By: Madison White, Uloop
When your student moves out on their own for the first time, you might start to feel overwhelmed with questions and details. It can be easy to get caught up in all the logistics of moving. You’ll also need to find the right balance between being helpful and taking over the whole process. After all, it is them moving and not you! Luckily, there are some great ways for you to help make their college apartment transition as smooth as possible.
1. Where are they going to live?
As the realtors say, location, location, location. It is of the utmost importance that your student knows exactly where they’ll be living next semester. Depending on the area, college apartments can be leased months in advance or moved in to pretty immediately. Because you’re probably a parent who likes to plan ahead, try helping your student find a place sooner rather than later. This way, they won’t be panicking to find an apartment during the weeks before school. They could also be forced into paying higher rent prices because an immediate move-in means less availability.
If you’re still looking, try talking with your child about a few key things. Firstly, they should know whether or not they are going to be living with roommates. It is likely that they will be, so they all need to be on the same page about what they’re looking for. Next, they should narrow down the general location that they want to live. Do they want to be right next to the university, or are they okay with driving into campus? The answers to these will help you narrow down your search. And finally, they need to think about the price range. Most college students don’t have a lot of money so they will need to find something reasonably priced.
2. What will the move entail?
Once they know where they are moving to, then you will need to begin preparing for the actual move. The actual moving situation may differ greatly based on your child’s situation. Are they moving from home or from another apartment? Will it be a long drive or is the distance relatively small?
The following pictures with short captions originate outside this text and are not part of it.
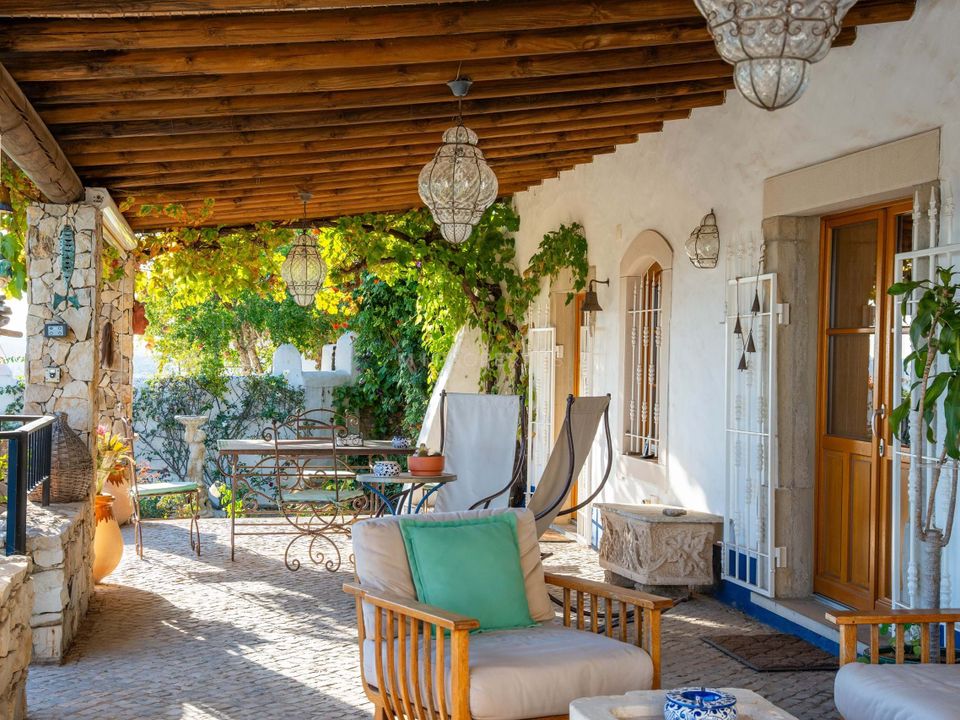 Villa i Sao Bras de Alportel, Faro - foto 5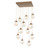 manufacturer_finish:Novel Brass|manufacturer_glass:Geo Crystal Inner - Amber Outer|light_output:Unspecified|color_temperature:3000K|cri:Unspecified|voltage:Unspecified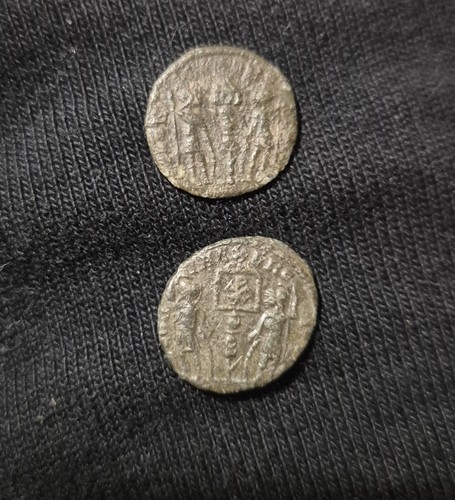 Constantine 337 340 follis - 337-340,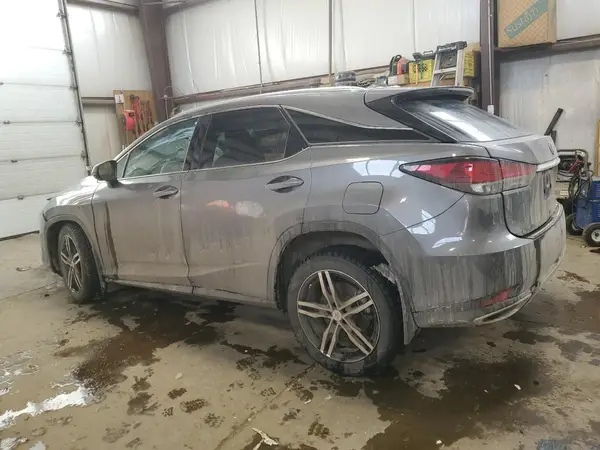 2T2JZMDA5LC238632 2020 LEXUS RX - Image 2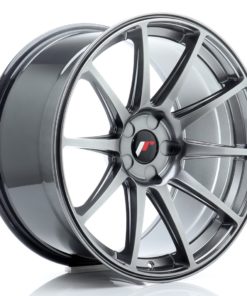 JR Wheels JR11 19x9,5 ET15-35 5H (Custom PCD) Hyper Black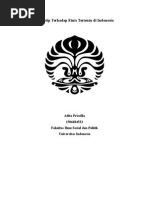 Download Makalah Tentang Stereotipe terhadap suku bangsa by Adita Priscilla SN288913433 doc pdf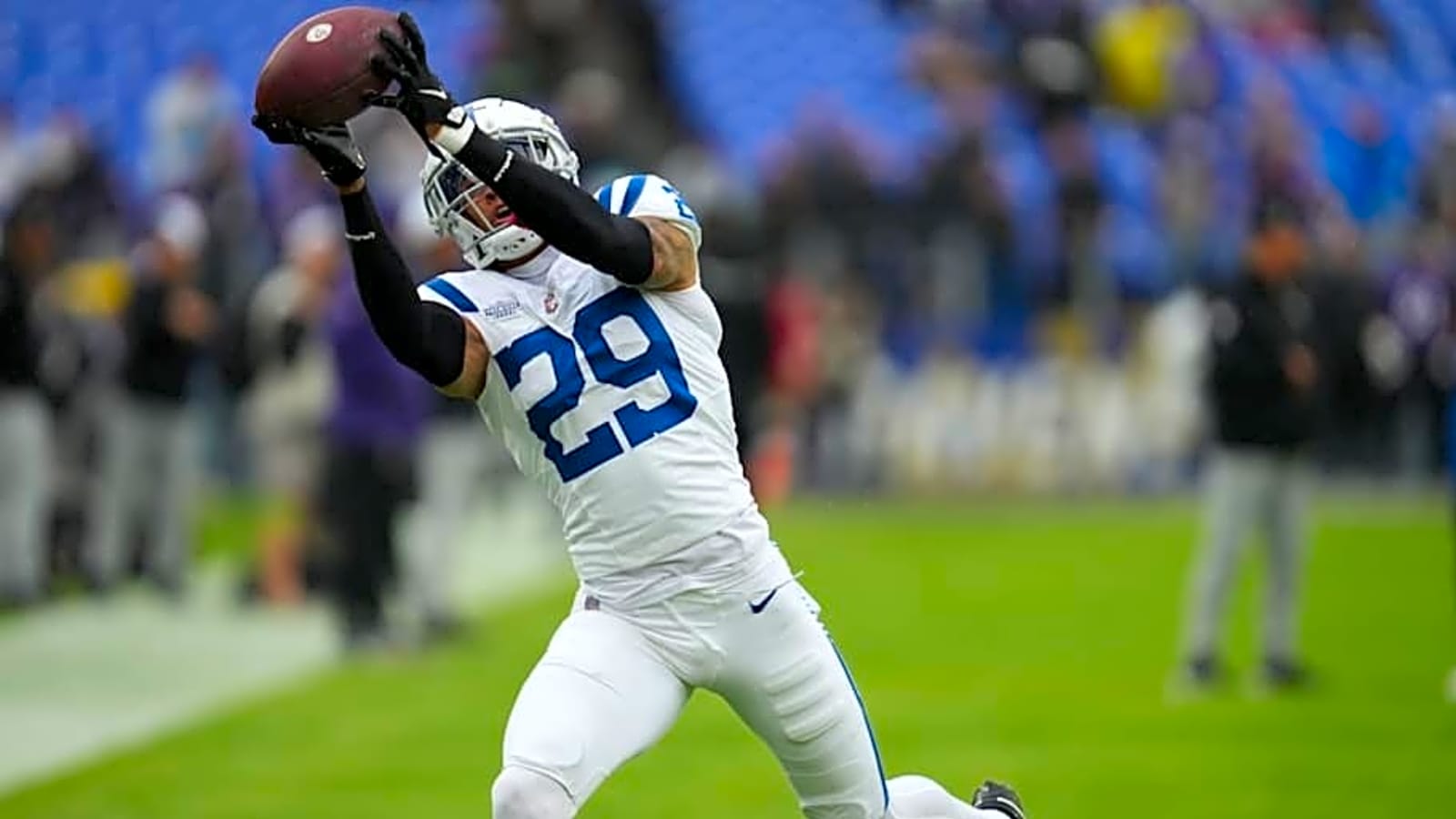 Colts Second-Rounder Facing Adversity in 2025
These will help you plan for the day.
You should also think about how many items your student has. If they are moving from a different apartment, they may have many more things than if they were moving from home or from the dorms. If this is the case, you may need to consider renting a moving van or borrowing a truck of some kind.
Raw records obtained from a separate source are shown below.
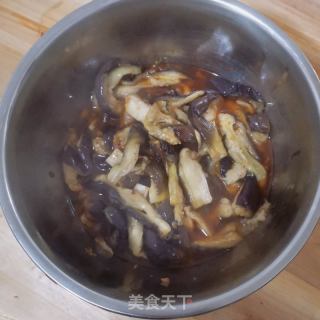 凉拌茄子的做法步骤：4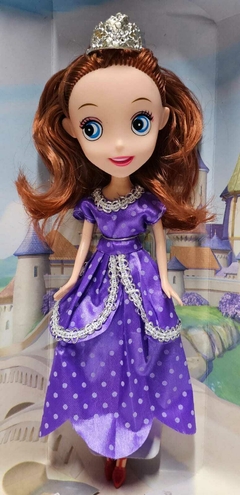 Muñeca "Princesita Sofía" - comprar online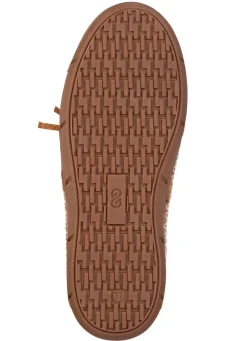 ELENA EDEN, sommerliche Damen-Slipper, Weite H, mit herausnehmbarem Fußbett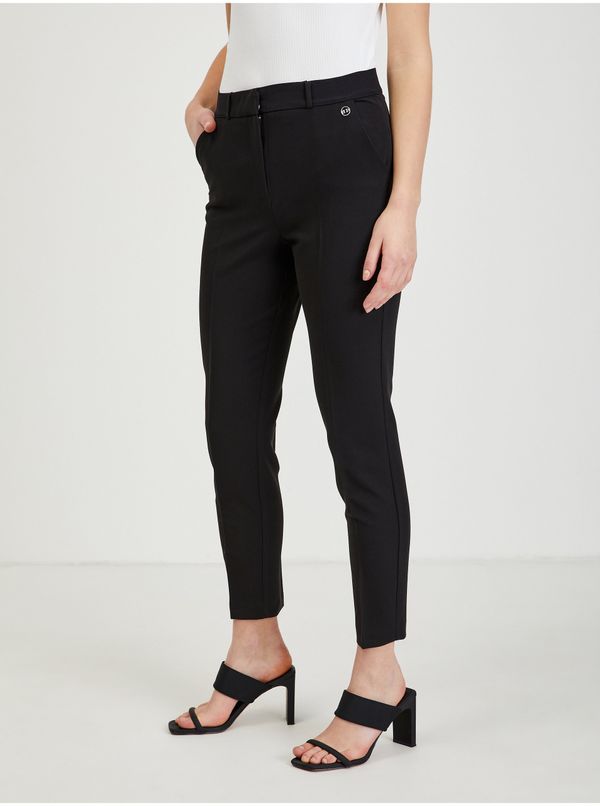 Orsay Black Women's Trousers ORSAY - Ladies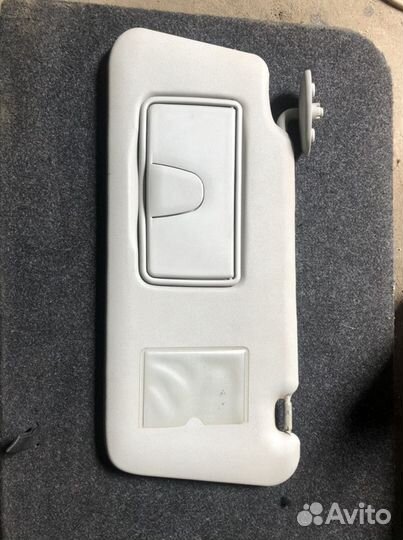 Козырек солнцезащитный Сузуки Гранд Витара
Try to also figure out what date they need to move on and how many people they will need to help. You may need to persuade some family members or some of their friends to help with the move. Make sure to ask people early so that they won’t be busy on the day.
3. What items will they need?
After you have successfully moved their things into the new place, you can better evaluate what kinds of things they are missing. If your student has other roommates, it is very possible that they have brought along some of these items that they can share with the entire apartment. It works really well for roommates to share things like pots, pans, dishes, cleaning supplies, and other general housework items. Make sure that you have checked with the other roommates before you go rushing off to buy something. You wouldn’t want to end up with double!
It is very likely that your student will need some larger items that aren’t necessary from the initial move in. These could include things like a vacuum cleaner, television, or extra storage space. This gives you the opportunity to look for things at a low cost. You can try checking secondhand stores or websites that might carry cheap, used items. This way, you won’t be spending a fortune just trying to outfit your student’s college apartment.
4. How will it look?
Now comes the fun part: decorating. For many parents, it can be easy to get a little carried away with decorations. You may be out shopping and see a cute painting or item that you think your child would love and be tempted to buy it. Make sure that you are using caution when buying decorations for your student’s apartment. Your taste may be very different from theirs. You should definitely let your child take the lead when it comes to decorative items. If you do see something that they might want, take a picture of them and ask. This way, you aren’t wasting money and they get to make the decisions.
Always remember that this is a crucial experience for your child as they are growing into an adult. Be ready to help whenever possible, but also allow for them to figure things out on their own.